姉妹
梨咲は珍しく自分から父に連絡を取っていた。
「なぁに、梨咲ちゃん…。珍しく自分からなんて。どうしたの?」
父は先日レスカーデンを出た後の進路について激しく抵抗してきた娘とのやりとりに疲弊していた。
「美花(妹)と話したいんだけど。」
「えぇ~ 何でまた… 美花はあれから梨咲がトラウマですっかり怯えているよ?こっちも困るんだよ−、すっかりやる気無くしちゃっててさ。もう、刺激しないでよ~」
父は珍しく泣き言を言った。
「悪い様にはしないから…。ちょっと美花の力を貸して欲しいんだよね。」
そうして翌日、美花はレスカーデンにやって来た。
顔を俯かせカチコチに緊張し、冷や汗をかいて顔色が悪い。
改めて…申し訳ない気持ちになったが、元は美花が仕掛けて来た事。
梨咲は淡々と今回のお願いを口にしてみる。
「来て貰って悪かったわね。」
「…いえ…。」
「この前会った時に思ったんだけどさ、美花のスピードがすごく速くて!あの速さ、どうやって身につけたの?教えてくれないかな?」
梨咲はココ(レスカーデン)を出た後、いつどこで誰に狙われてもおかしくない状況だという事を知り、自分の防御力を上げる事を考えた。
その時に真っ先に浮かんだのがスピードと察知能力の向上。
ルイスのスピードに追いつけず、ルイスの気配に気がつけない。そんな程度では先行きが心配だ。
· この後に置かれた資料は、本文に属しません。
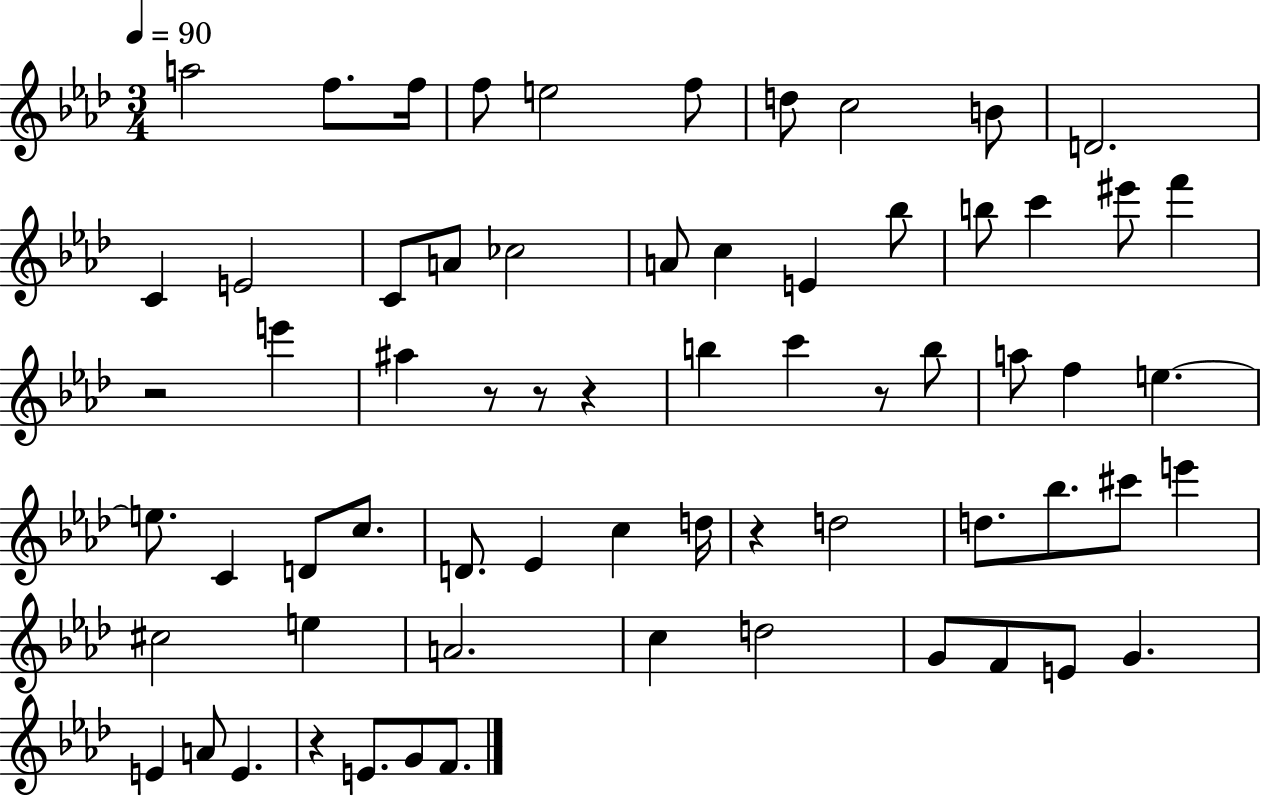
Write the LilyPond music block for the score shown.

{
  \clef treble
  \numericTimeSignature
  \time 3/4
  \key aes \major
  \tempo 4 = 90
  a''2 f''8. f''16 | f''8 e''2 f''8 | d''8 c''2 b'8 | d'2. | \break c'4 e'2 | c'8 a'8 ces''2 | a'8 c''4 e'4 bes''8 | b''8 c'''4 eis'''8 f'''4 | \break r2 e'''4 | ais''4 r8 r8 r4 | b''4 c'''4 r8 b''8 | a''8 f''4 e''4.~~ | \break e''8. c'4 d'8 c''8. | d'8. ees'4 c''4 d''16 | r4 d''2 | d''8. bes''8. cis'''8 e'''4 | \break cis''2 e''4 | a'2. | c''4 d''2 | g'8 f'8 e'8 g'4. | \break e'4 a'8 e'4. | r4 e'8. g'8 f'8. | \bar "|."
}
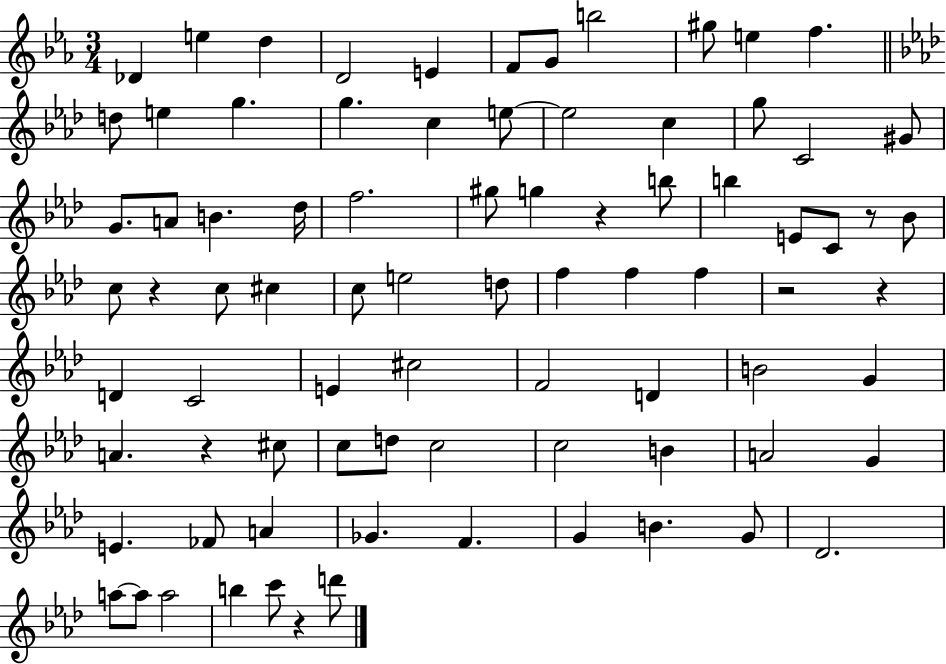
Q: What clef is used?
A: treble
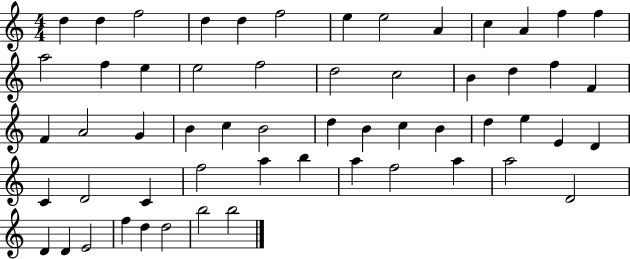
X:1
T:Untitled
M:4/4
L:1/4
K:C
d d f2 d d f2 e e2 A c A f f a2 f e e2 f2 d2 c2 B d f F F A2 G B c B2 d B c B d e E D C D2 C f2 a b a f2 a a2 D2 D D E2 f d d2 b2 b2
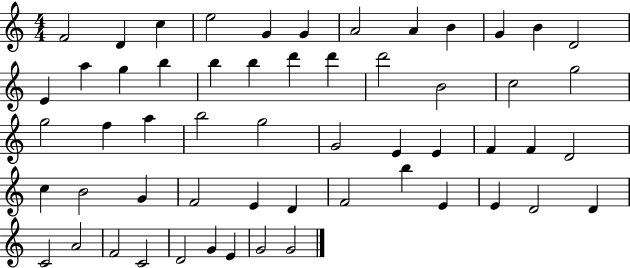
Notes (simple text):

F4/h D4/q C5/q E5/h G4/q G4/q A4/h A4/q B4/q G4/q B4/q D4/h E4/q A5/q G5/q B5/q B5/q B5/q D6/q D6/q D6/h B4/h C5/h G5/h G5/h F5/q A5/q B5/h G5/h G4/h E4/q E4/q F4/q F4/q D4/h C5/q B4/h G4/q F4/h E4/q D4/q F4/h B5/q E4/q E4/q D4/h D4/q C4/h A4/h F4/h C4/h D4/h G4/q E4/q G4/h G4/h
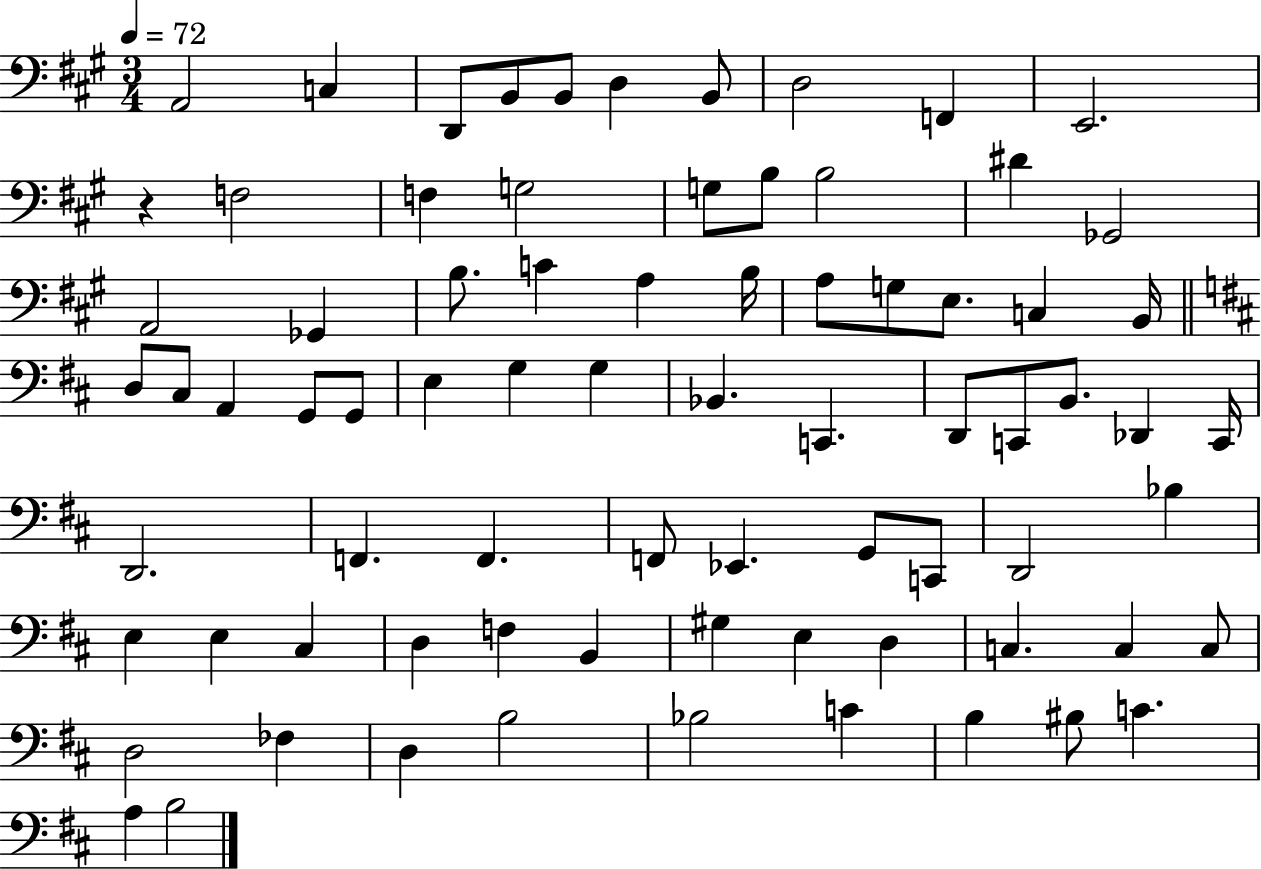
X:1
T:Untitled
M:3/4
L:1/4
K:A
A,,2 C, D,,/2 B,,/2 B,,/2 D, B,,/2 D,2 F,, E,,2 z F,2 F, G,2 G,/2 B,/2 B,2 ^D _G,,2 A,,2 _G,, B,/2 C A, B,/4 A,/2 G,/2 E,/2 C, B,,/4 D,/2 ^C,/2 A,, G,,/2 G,,/2 E, G, G, _B,, C,, D,,/2 C,,/2 B,,/2 _D,, C,,/4 D,,2 F,, F,, F,,/2 _E,, G,,/2 C,,/2 D,,2 _B, E, E, ^C, D, F, B,, ^G, E, D, C, C, C,/2 D,2 _F, D, B,2 _B,2 C B, ^B,/2 C A, B,2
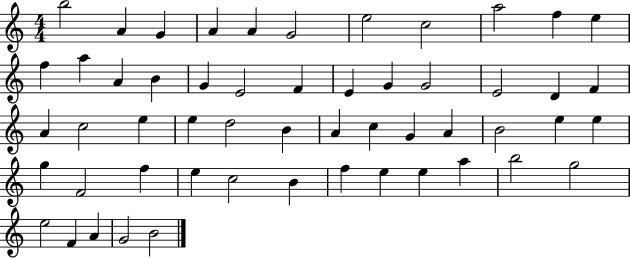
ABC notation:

X:1
T:Untitled
M:4/4
L:1/4
K:C
b2 A G A A G2 e2 c2 a2 f e f a A B G E2 F E G G2 E2 D F A c2 e e d2 B A c G A B2 e e g F2 f e c2 B f e e a b2 g2 e2 F A G2 B2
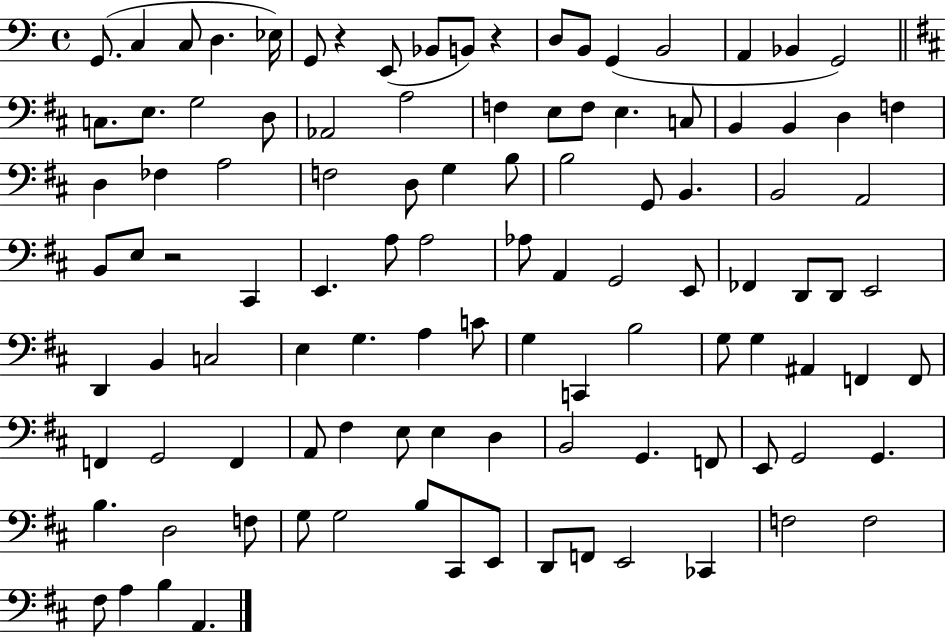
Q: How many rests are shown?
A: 3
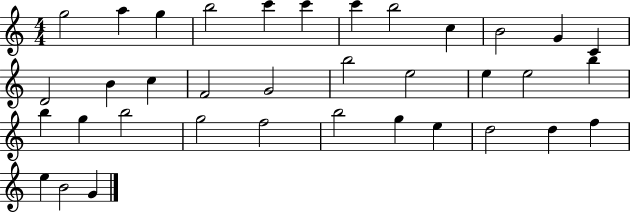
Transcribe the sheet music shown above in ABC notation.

X:1
T:Untitled
M:4/4
L:1/4
K:C
g2 a g b2 c' c' c' b2 c B2 G C D2 B c F2 G2 b2 e2 e e2 b b g b2 g2 f2 b2 g e d2 d f e B2 G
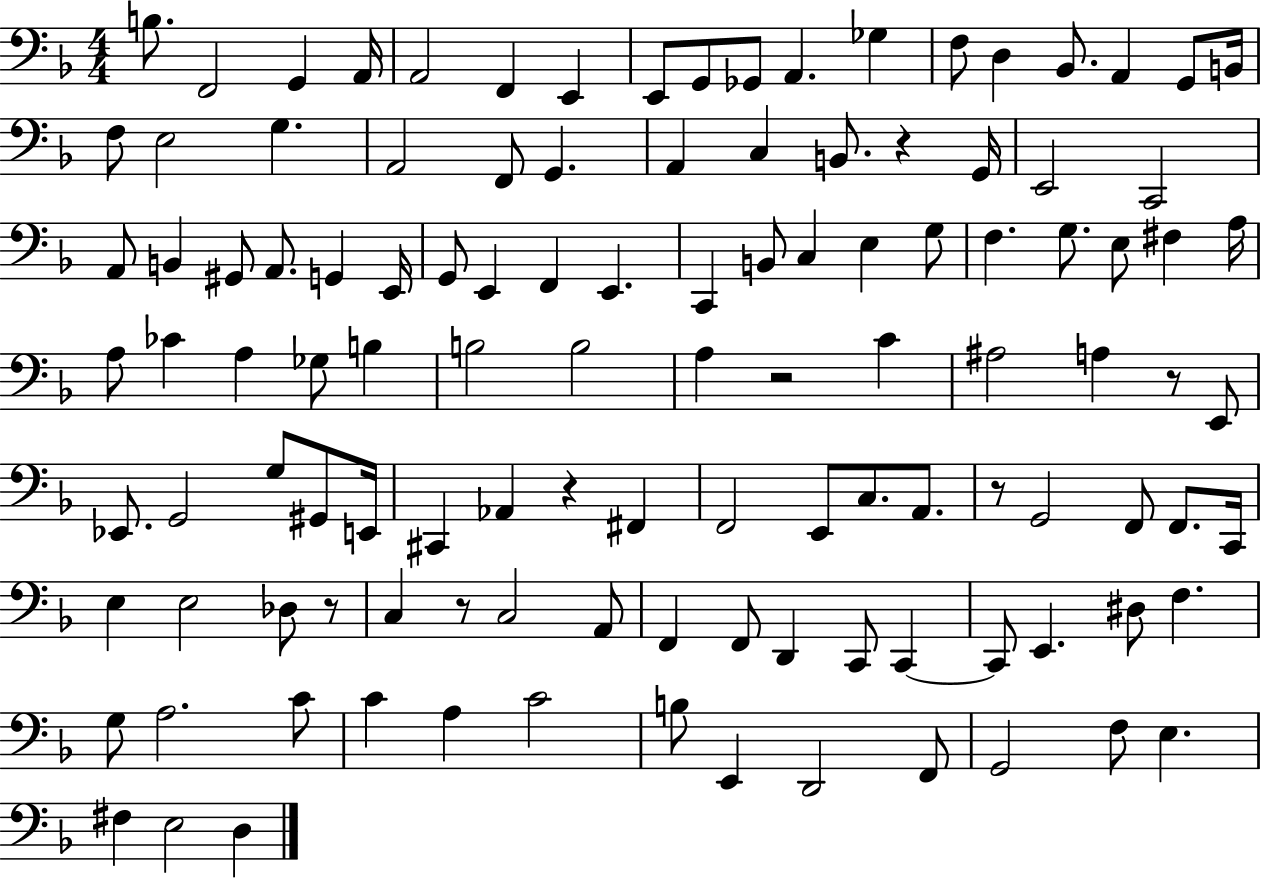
B3/e. F2/h G2/q A2/s A2/h F2/q E2/q E2/e G2/e Gb2/e A2/q. Gb3/q F3/e D3/q Bb2/e. A2/q G2/e B2/s F3/e E3/h G3/q. A2/h F2/e G2/q. A2/q C3/q B2/e. R/q G2/s E2/h C2/h A2/e B2/q G#2/e A2/e. G2/q E2/s G2/e E2/q F2/q E2/q. C2/q B2/e C3/q E3/q G3/e F3/q. G3/e. E3/e F#3/q A3/s A3/e CES4/q A3/q Gb3/e B3/q B3/h B3/h A3/q R/h C4/q A#3/h A3/q R/e E2/e Eb2/e. G2/h G3/e G#2/e E2/s C#2/q Ab2/q R/q F#2/q F2/h E2/e C3/e. A2/e. R/e G2/h F2/e F2/e. C2/s E3/q E3/h Db3/e R/e C3/q R/e C3/h A2/e F2/q F2/e D2/q C2/e C2/q C2/e E2/q. D#3/e F3/q. G3/e A3/h. C4/e C4/q A3/q C4/h B3/e E2/q D2/h F2/e G2/h F3/e E3/q. F#3/q E3/h D3/q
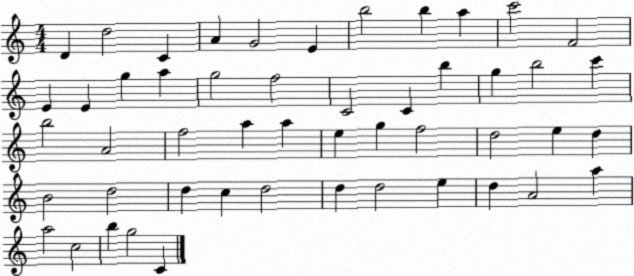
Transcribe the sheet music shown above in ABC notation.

X:1
T:Untitled
M:4/4
L:1/4
K:C
D d2 C A G2 E b2 b a c'2 F2 E E g a g2 f2 C2 C b g b2 c' b2 A2 f2 a a e g f2 d2 e d B2 d2 d c d2 d d2 e d A2 a a2 c2 b g2 C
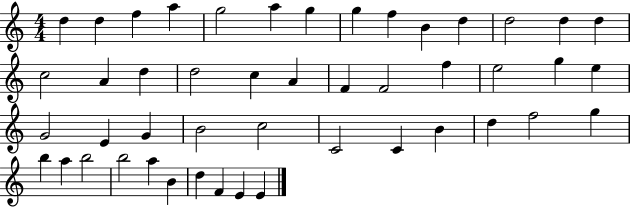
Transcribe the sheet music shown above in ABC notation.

X:1
T:Untitled
M:4/4
L:1/4
K:C
d d f a g2 a g g f B d d2 d d c2 A d d2 c A F F2 f e2 g e G2 E G B2 c2 C2 C B d f2 g b a b2 b2 a B d F E E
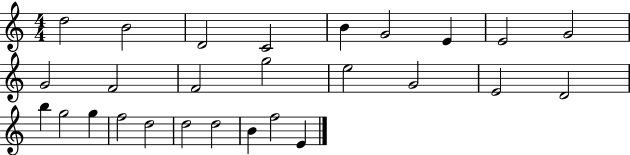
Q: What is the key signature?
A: C major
上には上がいる。 完璧でなくても、日々実戦に備えておく事が大事だと考えた。
そこで、自分と同じ女性で、年下なのに、もしかしたらルイスよりも速いスピード力を持つ妹の美花がどうやってスピード力を身につけたのかが知りたかった。
ついでに姉妹間の拗れも解消したいと望んだのだが…。
美花の表情を見ると絶望的…と、梨咲の方が諦め掛けていた。
「…。」
青ざめてなかなか話せない様子の美花に、梨咲は小さく溜息をついた。
「この前はそんなに怖い思いをさせたのね。悪かったわ。飲み物でも飲もうか?」
梨咲が顔を覗き込むと、怯えながらも少しだけ顔を見てくれた。
それから梨咲は寮の自室に美花を招き入れた。
借りてきた猫みたいに大人しく、美花はちょこんとソファーに座る。
梨咲が作ったレモネードを一口飲むと、「…!美味しい!」と思わず声を出した。
「良かった…!」
梨咲が微笑むと美花はまた俯いた。
「美花はすごく魔力の習得が早いよね!羨ましいよ。私は不器用だからさ…」
梨咲が話すと、
「やめて!」
美花が声を上げた。
「私は…お姉様に何1つ勝てない。いくら自国では優秀と評価されても、お父様はいつもお姉様を褒める!梨咲の方が優秀だ!悔しくないのか?って。私だって…努力してるけど…」
梨咲は美花の言葉に溜息をついた。
そして同時に心の中で苛つく。
やっっぱり父が拗れさせたのか…!
怒りで周辺を凍らせると、美花が怯えた。
梨咲はハッとし、ごめんごめん!と笑顔を作る。
「美花は私が嫌いだよね? …私は美花と…妹と仲良くなりたいなぁ…。」
梨咲は心の底から呟いた。
ルイスとマリーが羨ましかった。あそこまでの仲良しは難しくても、せめてわだかまりなく話すくらいになれたら…と願う。
「 …。 私の事が嫌いじゃないの?」
美花は初めて梨咲をちゃんと見てくれた。
「うん。仲良くなりたい。ただそれだけだよ?
美花は…ルイスへの想いもあると、そんな簡単には思えないのかな?」
梨咲は苦笑いした。
「ルイス様には完全にフラれました。お姉様以外、考えられないのだと。ルイス様への未練はありません。想像していたより…怖カッタ…し…」
美花はガタガタと震え出した。
ルイスまで…!美花に何やったんだ!
梨咲は自分の事を棚にあげて、心の中でルイスに怒った。
「ちょっとずつでも…仲良くなれたら嬉しいなぁ…」
梨咲は握手を求めて手を差し出す。
美花は差し出された手と梨咲の顔を戸惑いながら交互に見つめる。
「私は美花の能力は凄いと思って尊敬してるよ?あそこまで強い魔力を操るのはさ、努力しないと出来ないじゃん?」
自分も努力してきたからわかる。だから美花がどれほど努力しているのかもわかる。凄さもわかる。
「…私、水魔法の融合が上手く出来なくて、ずっと悩んでたの…。教えてくれる?お姉様?」
「お姉ちゃん って呼んでくれたら教えてあげる。」
梨咲が笑いかけると、美花も笑った。